Within the entries below, please retype exactly the lines starting with the line that has "Duke, a male" and going on through the line that has "Bê bối của hai", but not the pictures.

#### PROVIDED MATERIAL
- Opening Delimiter -

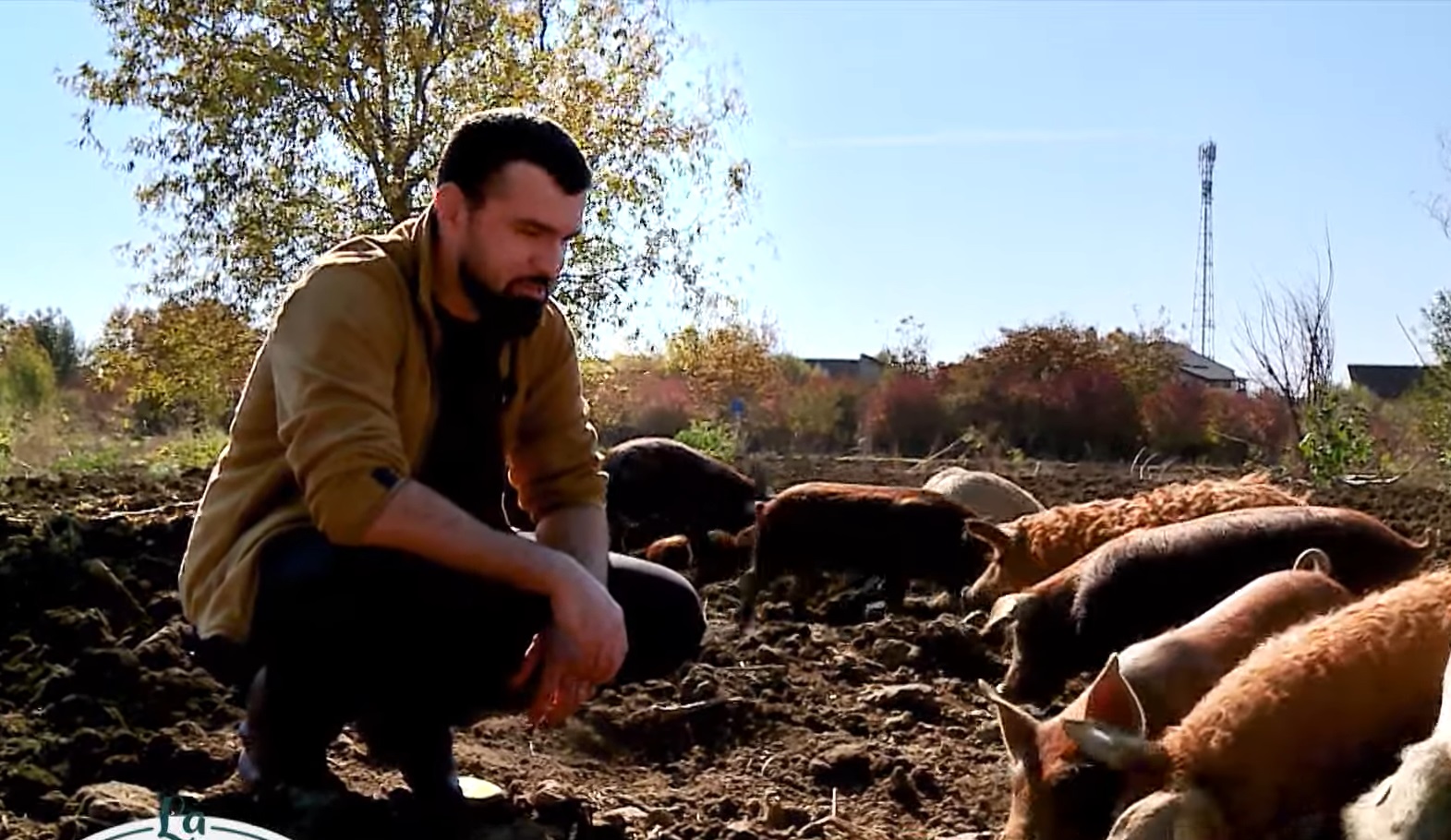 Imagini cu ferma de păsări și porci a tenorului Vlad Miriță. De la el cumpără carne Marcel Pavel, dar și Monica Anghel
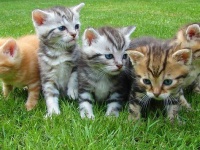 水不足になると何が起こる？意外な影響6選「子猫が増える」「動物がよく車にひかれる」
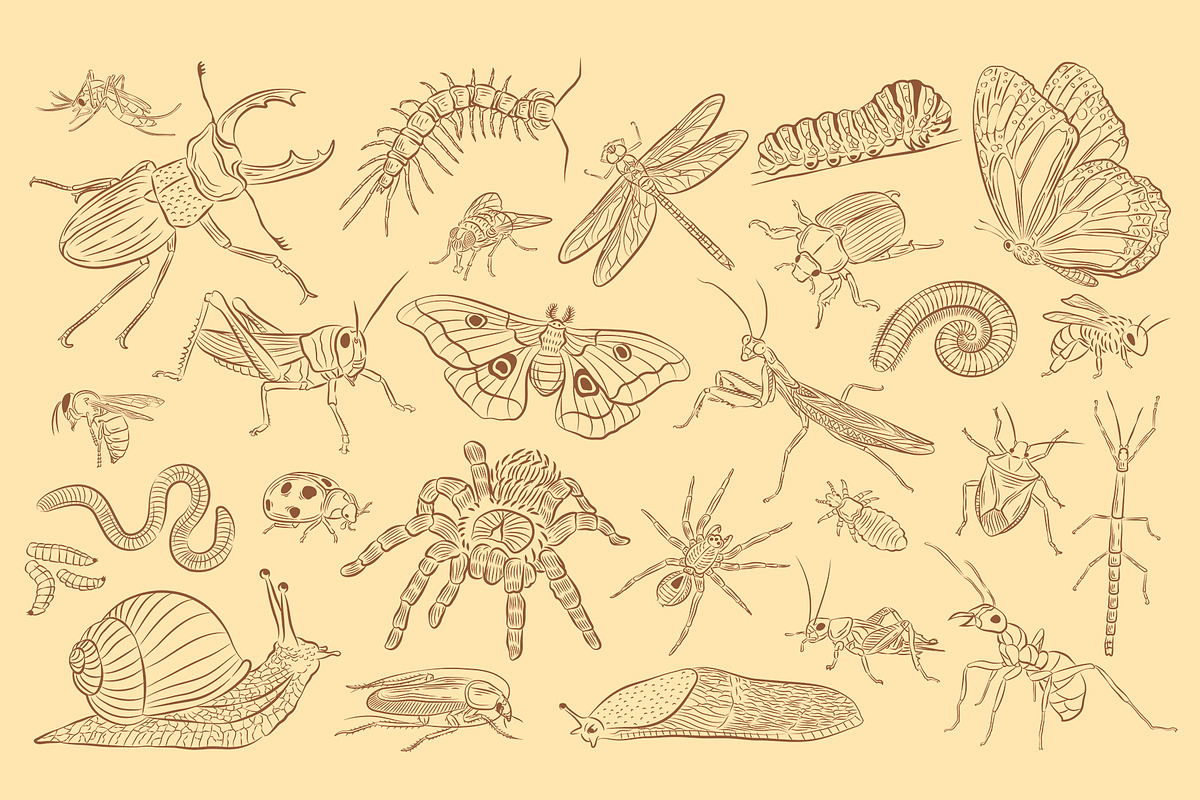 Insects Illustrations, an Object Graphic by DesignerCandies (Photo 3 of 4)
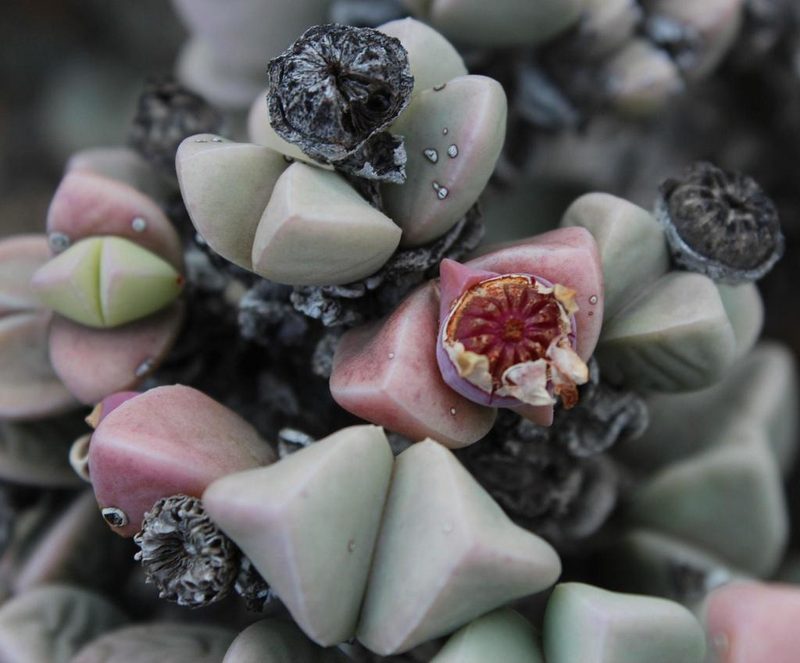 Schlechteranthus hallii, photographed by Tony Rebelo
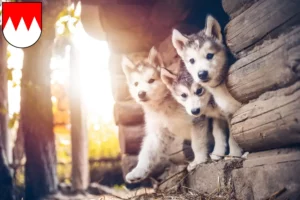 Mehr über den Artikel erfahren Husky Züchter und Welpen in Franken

- Closing Delimiter -
- Opening Delimiter -

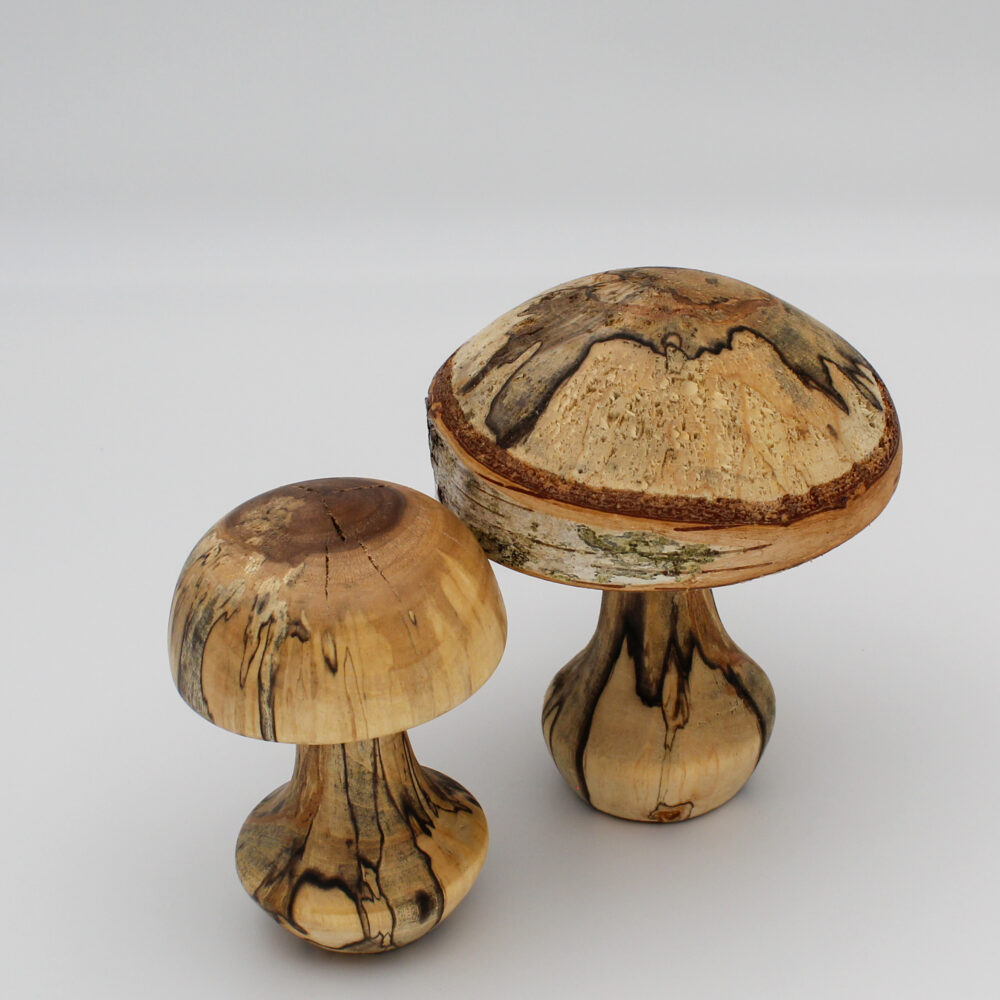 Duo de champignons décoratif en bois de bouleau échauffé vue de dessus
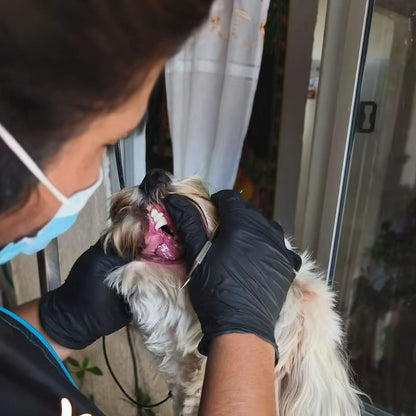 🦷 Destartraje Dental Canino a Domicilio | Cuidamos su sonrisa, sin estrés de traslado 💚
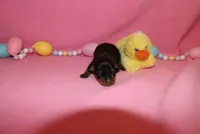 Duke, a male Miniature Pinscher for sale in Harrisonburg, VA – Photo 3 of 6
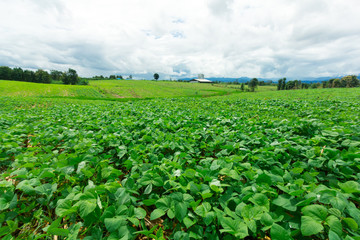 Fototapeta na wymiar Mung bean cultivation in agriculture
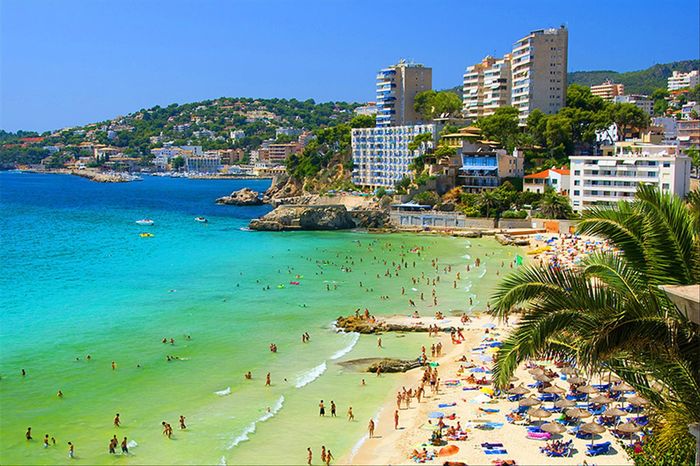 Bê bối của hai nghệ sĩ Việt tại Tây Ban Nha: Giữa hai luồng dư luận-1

- Closing Delimiter -
- Opening Delimiter -

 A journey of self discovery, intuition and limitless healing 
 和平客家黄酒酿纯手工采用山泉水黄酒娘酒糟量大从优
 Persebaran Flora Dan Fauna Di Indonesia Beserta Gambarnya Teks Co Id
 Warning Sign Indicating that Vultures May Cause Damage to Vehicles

- Closing Delimiter -

#### YOUR RESPONSE
 Duke, a male Miniature Pinscher for sale in Harrisonburg, VA – Photo 3 of 6
 Fototapeta na wymiar Mung bean cultivation in agriculture
 Bê bối của hai nghệ sĩ Việt tại Tây Ban Nha: Giữa hai luồng dư luận-1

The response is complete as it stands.